This model matters because judgement is learned. When AI compresses decision-making too far, it risks stripping away the experiences people need to become effective leaders later on. 

Model two: the Symbiotic Partnership 

The second model divides work by strengths. AI takes on data-heavy, repetitive and real-time tasks, while humans focus on strategy, creativity, ethics and timing. Consider Unilever’s ice cream supply chain, spanning factory production lines and millions of freezer cabinets worldwide. AI-driven, weather-aligned forecasting has improved accuracy and reduced waste, while human planners concentrate on strategic allocation and market decisions. 

This model creates space for people to own work rather than simply do it. This shift was highlighted by the WEF, which noted that workers using AI as a strategic partner report faster learning, greater engagement and increased willingness to experiment. 

Model three: the AI-managed workflow 

The most challenging model involves an inversion of control. In AI-managed workflows, complex processes run end to end under machine control. Telefónica, for example, has achieved highly advanced autonomous network operations in some use cases, with engineers monitoring performance and intervening only when anomalies appear. 

Here, leaders become auditors rather than operators, governing outcomes, exceptions and values rather than tasks. 

This model offers enormous efficiency but also carries the greatest risk. When something goes wrong, accountability cannot belong to an algorithm. It must remain human. 
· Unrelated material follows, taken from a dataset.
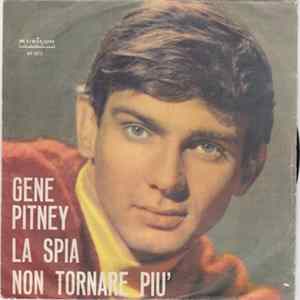 Gene Pitney - La Spia / Non Tornare Più FLAC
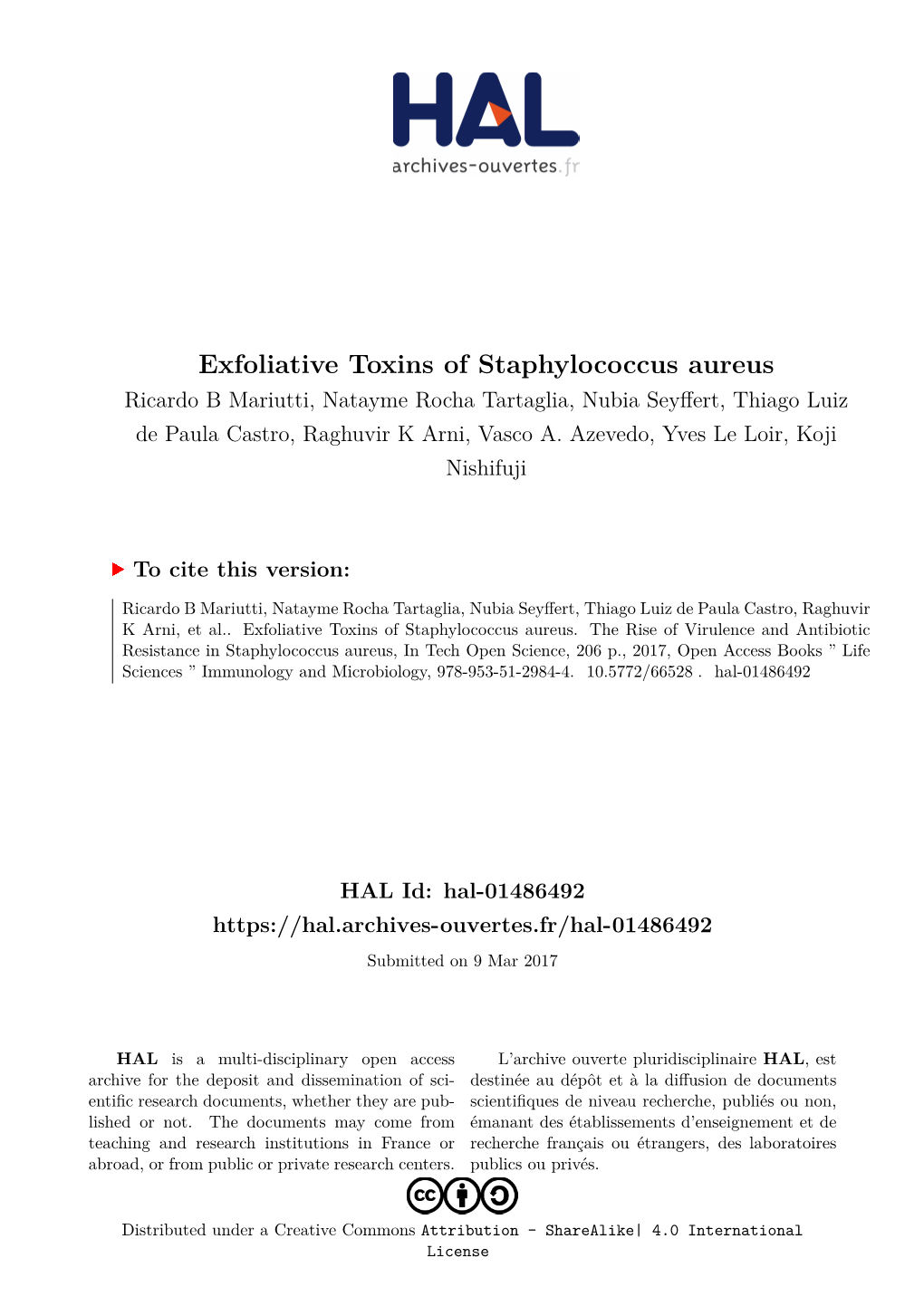 Exfoliative Toxins of Staphylococcus Aureus Ricardo B Mariutti, Natayme Rocha Tartaglia, Nubia Seyffert, Thiago Luiz De Paula Castro, Raghuvir K Arni, Vasco A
Across all three, the most credible implementations share two traits: clear human accountability and validation of AI performance within real workflows. 

This is where the conversation shifts from managing tasks to governing values. Leaders must decide when human deliberation – pausing for quality, ethics or equity – should override the machine’s relentless efficiency. 

And they must do so while considering a broader definition of value. If AI gains come at the cost of long-term capability, wellbeing, sustainability or fairness, they aren’t true advantages. 

Towards a NewHuman approach 

What emerges from this is the need for a redesigned operating model, one that treats AI strategy as inseparable from people strategy. 

That means rethinking workflows, governance and progression simultaneously. It means creating modular learning pathways that help employees outpace changing job descriptions and designing roles where creativity, experimentation and failure still have room to exist, especially for those early in their careers. 

Most of all, it means embracing a “NewHuman” approach: one that recognises that humans and AI together create more value than either could alone but only if leadership, judgement and accountability remain firmly human. 

AI Armageddon isn’t here yet. There is still time for organisations to be deliberate and shape AI adoption in ways that don’t just optimise the present but actively build the leaders of the future. 

Because companies will still be led by humans. And success will go to those who design AI to expand their people, not just their output.